Data extract —
————————

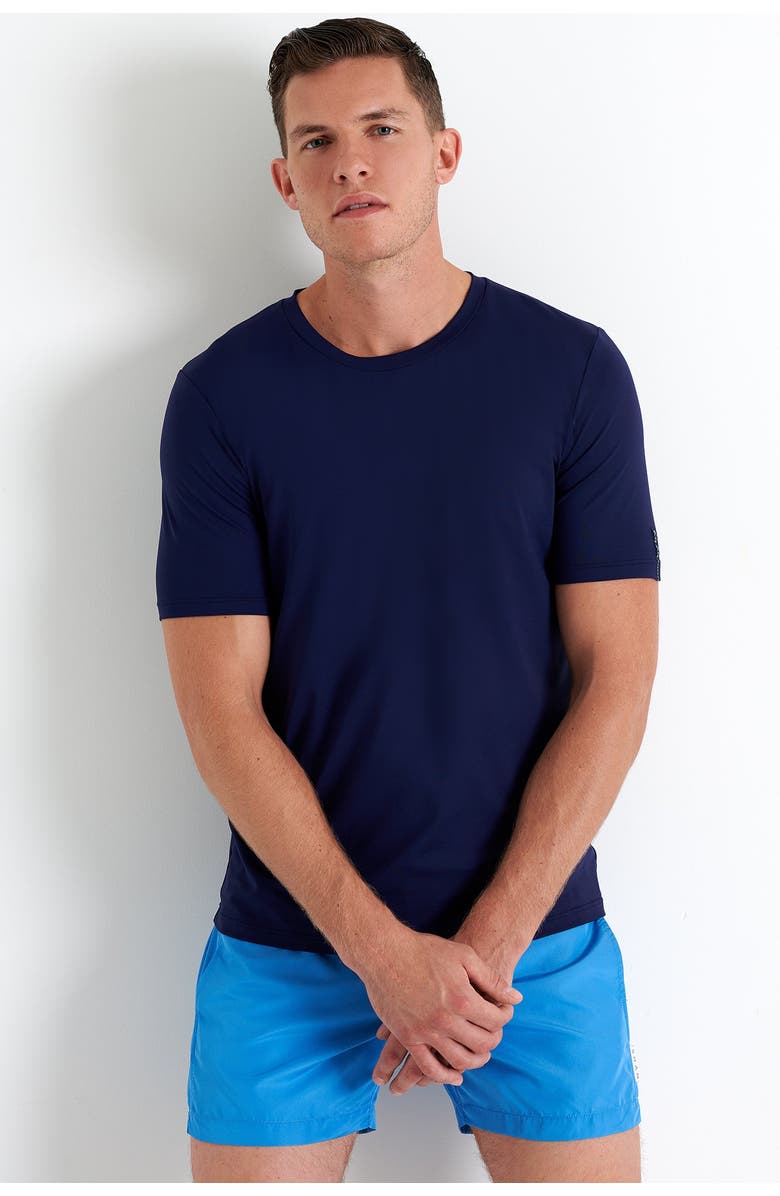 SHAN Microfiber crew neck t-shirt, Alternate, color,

————————

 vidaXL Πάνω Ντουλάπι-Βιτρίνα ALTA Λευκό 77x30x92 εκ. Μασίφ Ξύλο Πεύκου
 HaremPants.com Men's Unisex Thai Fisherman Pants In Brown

————————

Task statement — In the data above, retype exactly and only the lines between the one holding "vidaXL Πάνω Ντουλάπι-Βιτρίνα" and the one holding "HaremPants.com Men's Unisex", inclusive.

Your solution —
 vidaXL Πάνω Ντουλάπι-Βιτρίνα ALTA Λευκό 77x30x92 εκ. Μασίφ Ξύλο Πεύκου
 HaremPants.com Men's Unisex Thai Fisherman Pants In Brown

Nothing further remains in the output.